> Activity
Output exactly, and only, the lines below from the one with "Chxnxl Sneakers SmartChoice 122254" down to the one with "IMG_6911-Modifica". Include both end lines and no pictures.

> Material for the task
################

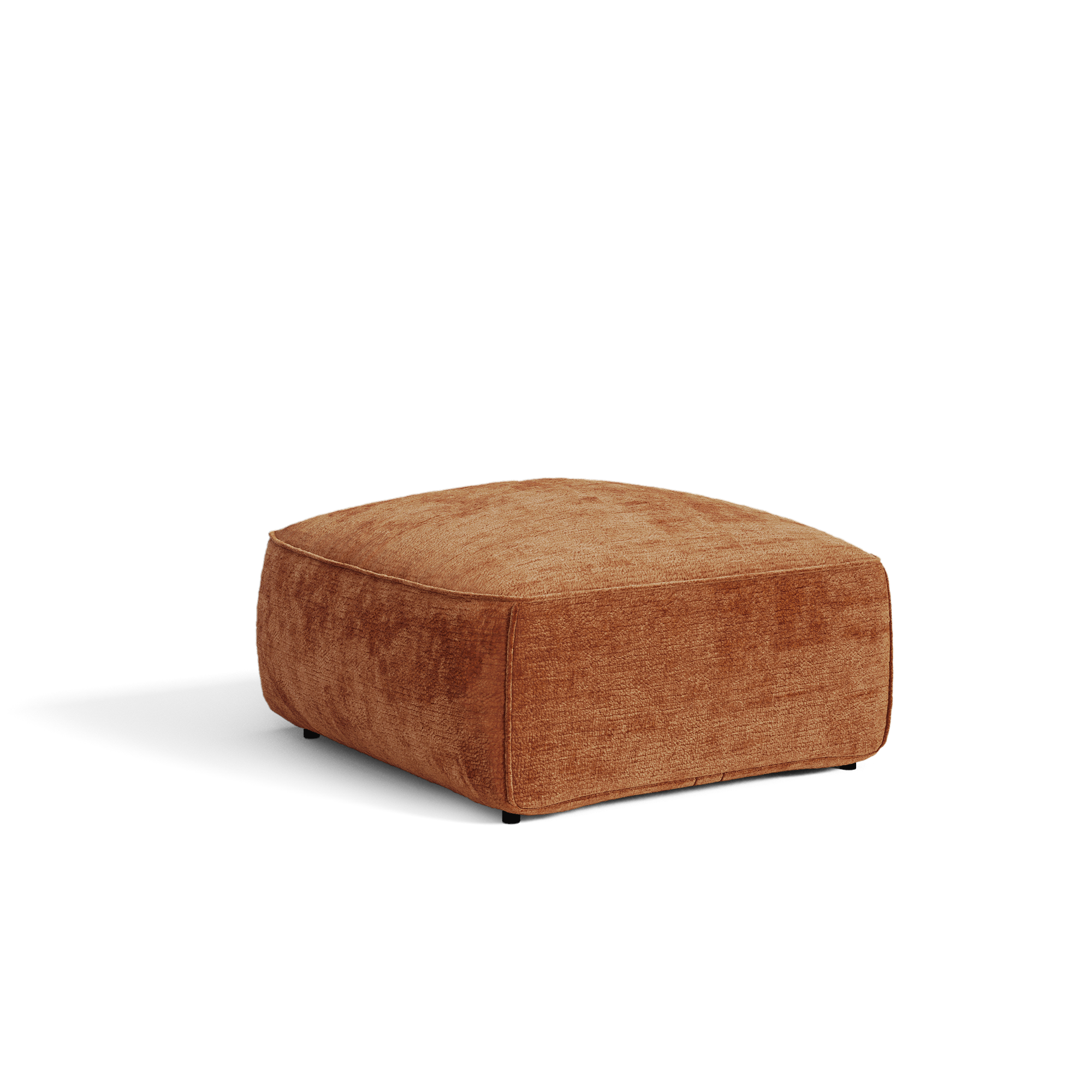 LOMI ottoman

################

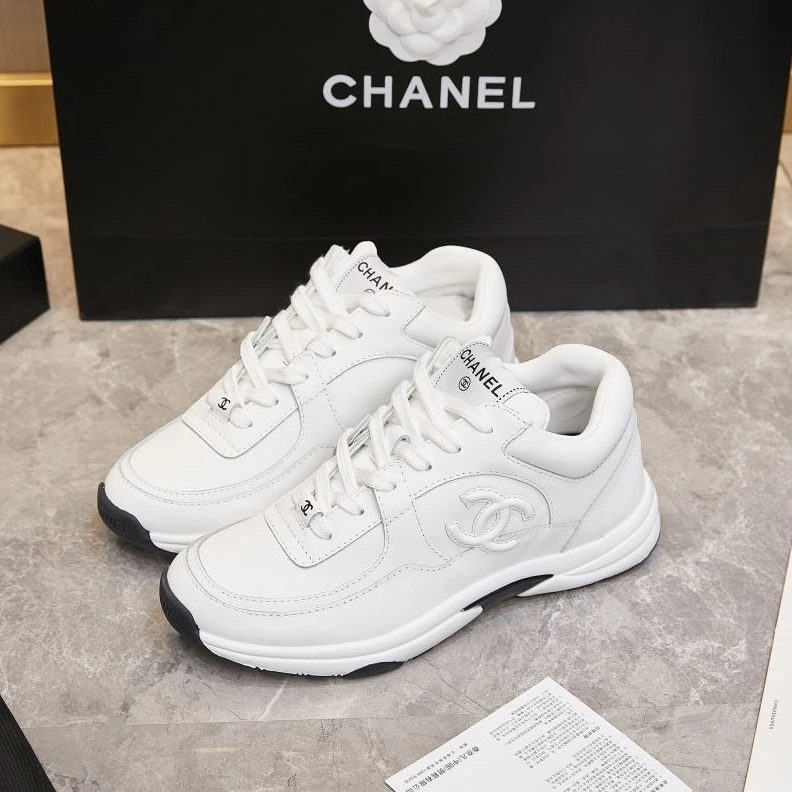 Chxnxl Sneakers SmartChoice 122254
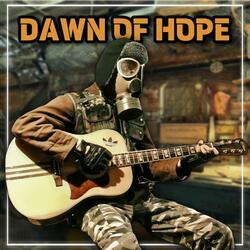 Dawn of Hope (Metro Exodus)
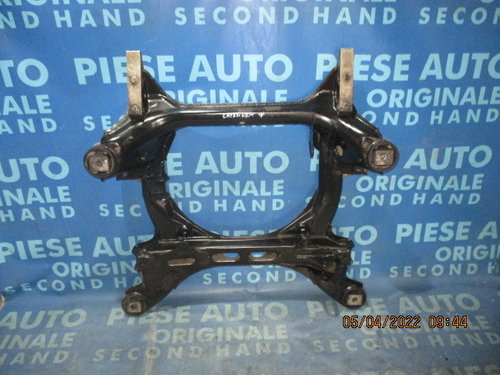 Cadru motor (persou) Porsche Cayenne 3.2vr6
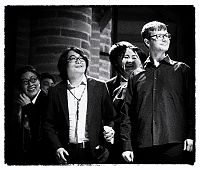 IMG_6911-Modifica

################

> Response to the task
 Chxnxl Sneakers SmartChoice 122254
 Dawn of Hope (Metro Exodus)
 Cadru motor (persou) Porsche Cayenne 3.2vr6
 IMG_6911-Modifica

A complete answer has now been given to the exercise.